Daniela Pinheiro olha atenta o minúsculo ecrã luminoso da máquina fotográfica. “Já avisei para ele”, diz ela à fotógrafa, apontando na minha direção. “Pode escrever o que quiser, contanto que saia bem na foto”, completa, abrindo um sorriso de aprovação pelas imagens que se sucedem no visor. “Ah, está bom, muito bom, parabéns!”
Jornalista experiente, sabe o poder de uma imagem. E não só. Reconhecer as múltiplas facetas do poder tem sido o métier de Daniela nas últimas três décadas. Nascida em Brasília, o coração da política do Brasil, Daniela travou um constante tour de force com os poderosos, os políticos, os pastores evangélicos e até dirigentes de futebol.
Um confronto nem sempre proporcional.
O último deles, com o clã dos Bolsonaro, acabou por precipitar a saída da jornalista do Brasil, em 2020, quando o deputado e filho do presidente, Eduardo Bolsonaro, a processou pela publicação de uma matéria na revista Época, da qual Daniela era a chefe de redação, sobre a atuação da mulher do político como coach motivacional.
A querela judicial levou o Grupo Globo – então responsável no Brasil pela revista, inspirada na alemã Focus – a exigir que Daniela se retratasse com o deputado. O que não aconteceu. “Considero que não houve um erro na cobertura jornalística, portanto não havia do que se retratar. Preferi pedir demissão”, resume a jornalista.

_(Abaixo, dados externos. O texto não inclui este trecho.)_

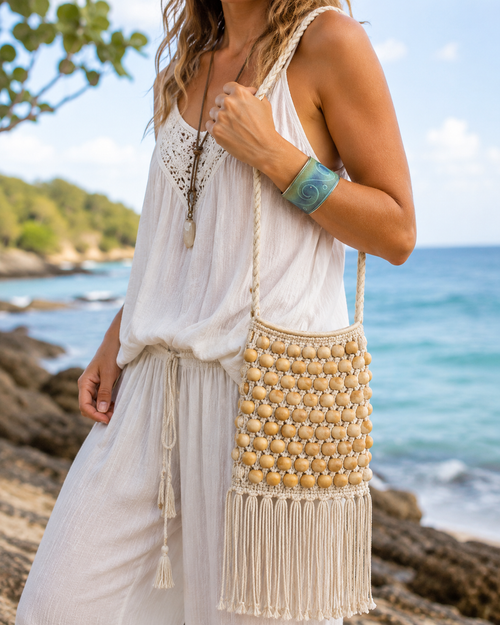 Woman wearing green and blue ocean wave cuff bracelet with macrame bag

Outros dez profissionais seguiram a chefe de redação e demitiram-se da revista que, coincidência ou não, deixou de circular pouco tempo depois.
A demissão e o processo, porém, foram apenas a ponta do iceberg.
Daniela entrou na mira do Gabinete do Ódio, a máquina de difamação e ameaça digital ligada aos Bolsonaro. “Recebia centenas de mensagens com impropérios por dia, outras ameaçavam-me de ser estuprada se saísse à rua”, conta. “A gota d’água, porém foi quando postaram uma foto de minha filha, uma criança, para me atingir.”
O convite do Reuters Institute for the Study of Journalism para estudar em Oxford, foi a oportunidade para Daniela fugir da realidade demasiadamente tóxica no Brasil, após a polémica com a família do presidente. No mesmo ano, com as baterias recarregadas pela estada no Reino Unido, seria a vez de Lisboa.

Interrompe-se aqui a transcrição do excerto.